The Boston Planning and Development Agency’s, or BPDA’s, approval of Northeastern’s plan to construct a 23-story residence hall at 840 Columbus Ave. raised even more concerns from students that the university is further gentrifying Roxbury neighborhoods. Students are also doubtful that the new dorm will alleviate their concerns; in a 2021 opinion piece for The News, Julianna Milidantri wrote that students need affordable housing options instead of “shiny luxury dorms.”

“Northeastern’s cheapest dorms are often infested by rats and mold and still cost over $900 a month; students can find comparable or cheaper rents in Roxbury, with far better conditions and freedom from residential life rules and proctors,” Milidantri wrote.

There has been a similar influx of students living in Mission Hill, where students can live with greater flexibility at comparable rates. But residents there have complained of “an outburst of rowdy parties and unruly late-night noise complaints that are hard to ignore for many long-time Mission Hill residents.”

“I have a fence around my yard that has wooden pickets, and, without fail, every weekend, there’s a broken picket. There are always red solo cups littered in my yard, too,” Mission Hill resident Candace Belanoff told The News in 2023.

LightView stands at 744 Columbus Ave. Residents of nearby neighborhoods expressed concerns over Northeastern buildings like LightView and International Village contributing to gentrification in the area. (Jessica Xing)

As Northeastern’s next decennial Institutional Master Plan is approved, school stakeholders are working to gather student input on how to improve housing and dining.
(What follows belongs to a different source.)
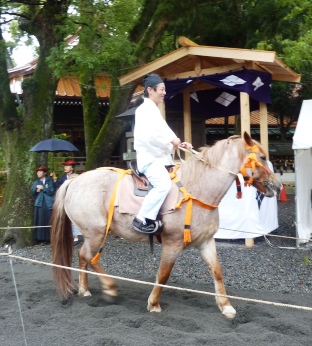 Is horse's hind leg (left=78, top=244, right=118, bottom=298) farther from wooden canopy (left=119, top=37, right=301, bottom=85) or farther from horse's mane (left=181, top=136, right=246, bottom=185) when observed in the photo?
wooden canopy (left=119, top=37, right=301, bottom=85)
Julian Herzing-Burkard, a third-year international business major, is the chair of the Student Government Association’s Campus Planning Advisory Board, or CPAB, which works with Planning Real Estate and Facilities, or PREF, to gather student input.

“We are the official liaison for the student body in terms of opinions and interests related to campus development,” Herzing-Burkard told The News. “We meet weekly as a board and monthly with Campus Planner Connor Sullivan and Director of Campus Planning Cory Berg to discuss upcoming campus projects.”
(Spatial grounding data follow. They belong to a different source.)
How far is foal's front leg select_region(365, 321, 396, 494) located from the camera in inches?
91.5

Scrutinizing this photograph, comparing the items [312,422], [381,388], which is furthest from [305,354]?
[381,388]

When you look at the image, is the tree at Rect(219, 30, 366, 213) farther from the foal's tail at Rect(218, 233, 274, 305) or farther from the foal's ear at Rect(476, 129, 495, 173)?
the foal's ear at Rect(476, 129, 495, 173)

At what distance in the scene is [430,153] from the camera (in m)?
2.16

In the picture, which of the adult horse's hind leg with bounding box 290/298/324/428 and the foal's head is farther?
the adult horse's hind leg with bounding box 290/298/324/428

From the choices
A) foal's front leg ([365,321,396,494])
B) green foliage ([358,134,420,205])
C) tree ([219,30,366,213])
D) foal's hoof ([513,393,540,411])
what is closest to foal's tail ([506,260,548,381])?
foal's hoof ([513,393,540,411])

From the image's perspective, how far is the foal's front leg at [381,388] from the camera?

CPAB is the newest board within the Student Government Association, created in the 2023-24 academic year. Herzing-Burkard, one of the nine members of the board, says he feels fortunate to have the opportunity to have “such unique conversations with the head of planning. No student government equivalent at other schools brings students into campus planning.”

CPAB also collaborates with the Student Sustainability Committee and PREF’s Climate Justice and Sustainability Hub to advance campus sustainability. Student advocacy groups like Diversability also meet with PREF to ensure that disabled and neurodivergent students have their perspectives voiced and needs addressed.
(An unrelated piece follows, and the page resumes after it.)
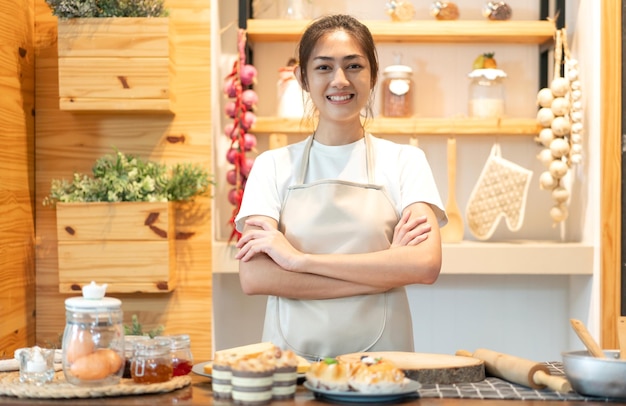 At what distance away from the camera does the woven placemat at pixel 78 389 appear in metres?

When asked about concerns surrounding the gentrification of nearby neighborhoods, Herzing-Burkard said that the BPDA “mandates that with the construction of any developments Northeastern meets with the community. This provides a mandated avenue for Northeastern to engage with neighboring communities.”

Moving forward, CPAB plans to “reach more students next year and push engagement with as many student organizations as possible on campus,” Herzing-Burkard said.

“We need to make sure we’re reaching the right students at the right time, not just CPAB, but all of campus affairs,” Herzing-Burkard said. As the new 2024-2034 Institutional Master Plan, or IMP, is implemented, Herzing-Burkard said CPAB is “expected to very much continue tabling and collecting student input in terms of open spaces, future developments, etc. An IMP is such a high-level document, [but] at the end of the day it’s just a framework.”